• YOUR GOAL
Could you give back every entry below exactly, with the pictures dropped?

** EXERCISE MATERIALS follows **

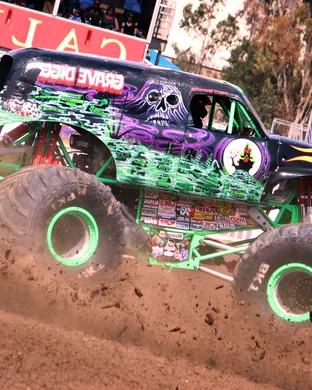 Monster Jam Saint Paul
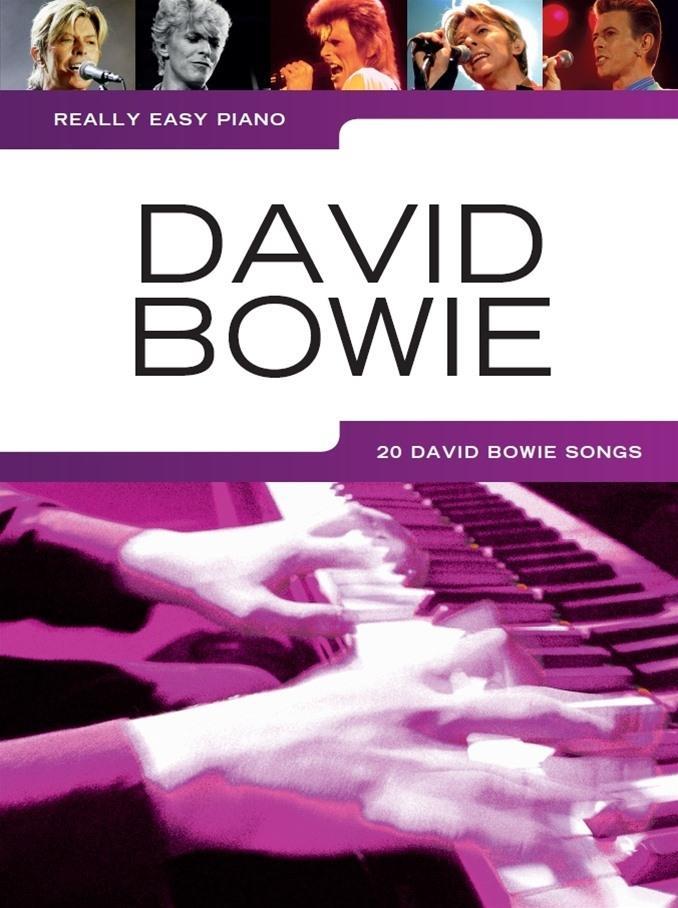 Cover: 9781785582899 | Really Easy Piano | David Bowie | David Bowie | Taschenbuch | Buch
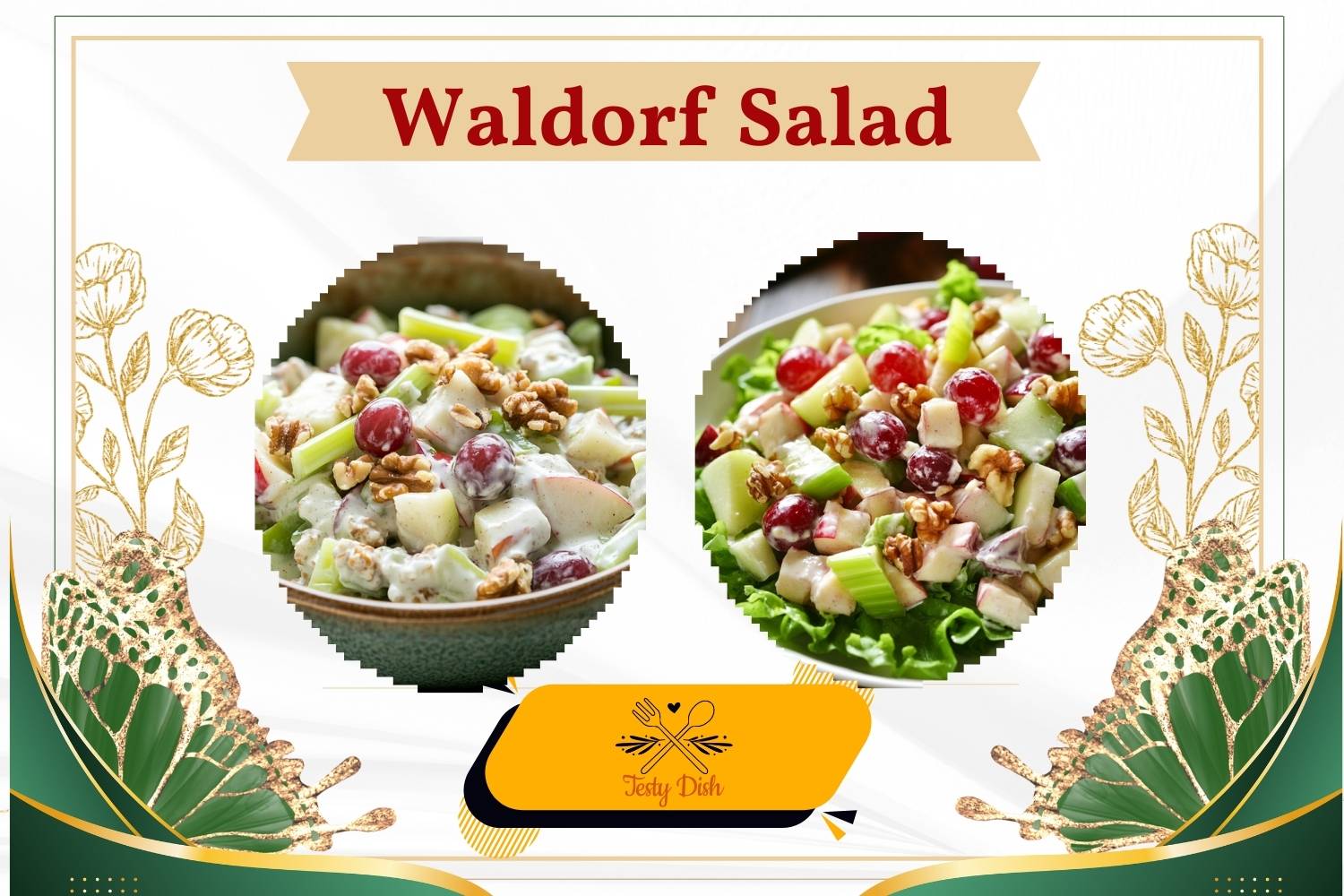 waldorf salad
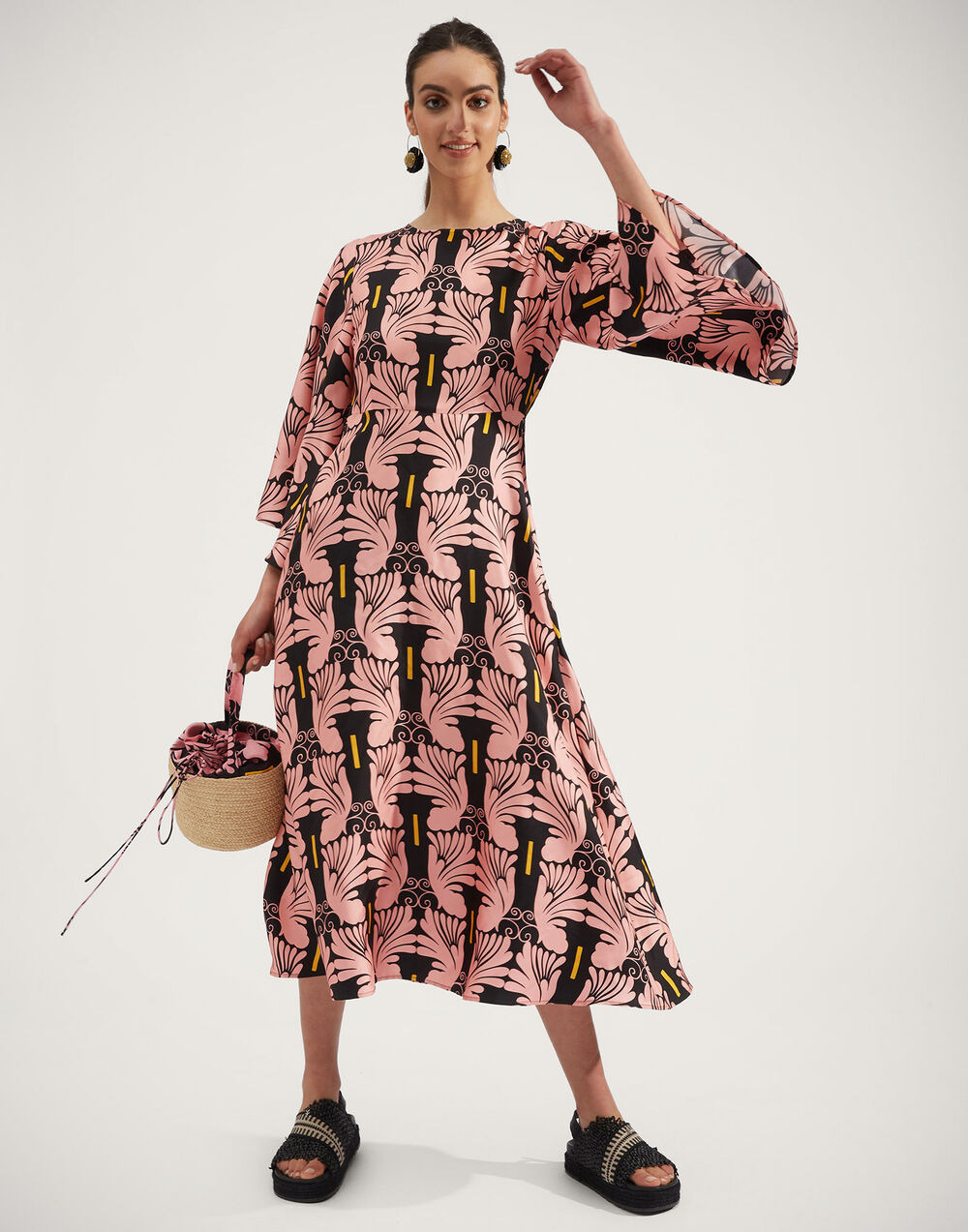 Sorella Dress - 5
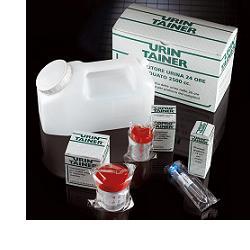 CONTENITORE PER URINA IN POLIPROPILENE URIN TAINER 120ML. TAPPO A VITE, CONFEZIONE SINGOLA IN ASTUCCIO - Farmacia Mortise
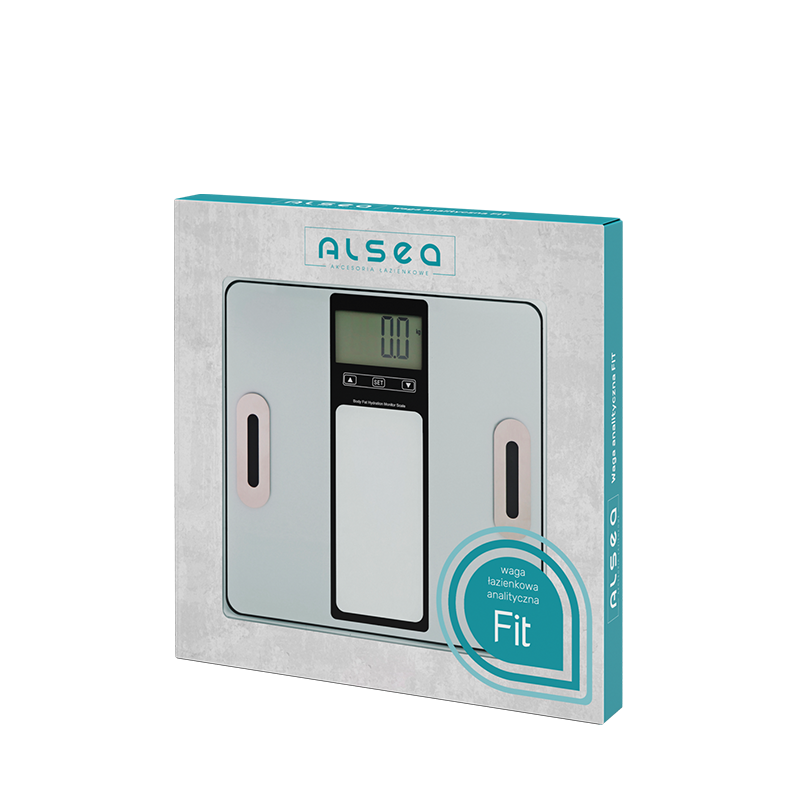 Waga analityczna FIT 28x28cm 06860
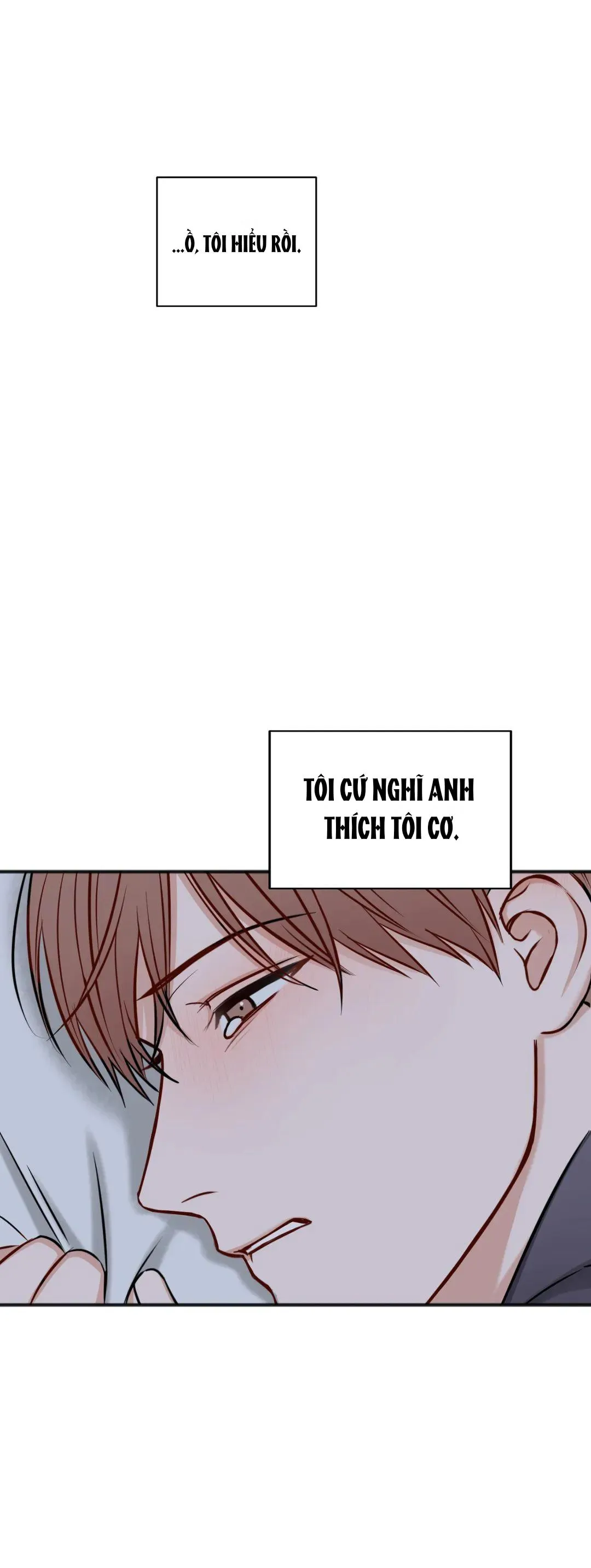 Trong Căn Phòng Riêng Chapter 44 Trang 21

** End of EXERCISE MATERIALS **

• TASK RESPONSE
 Monster Jam Saint Paul
 Cover: 9781785582899 | Really Easy Piano | David Bowie | David Bowie | Taschenbuch | Buch
 waldorf salad
 Sorella Dress - 5
 CONTENITORE PER URINA IN POLIPROPILENE URIN TAINER 120ML. TAPPO A VITE, CONFEZIONE SINGOLA IN ASTUCCIO - Farmacia Mortise
 Waga analityczna FIT 28x28cm 06860
 Trong Căn Phòng Riêng Chapter 44 Trang 21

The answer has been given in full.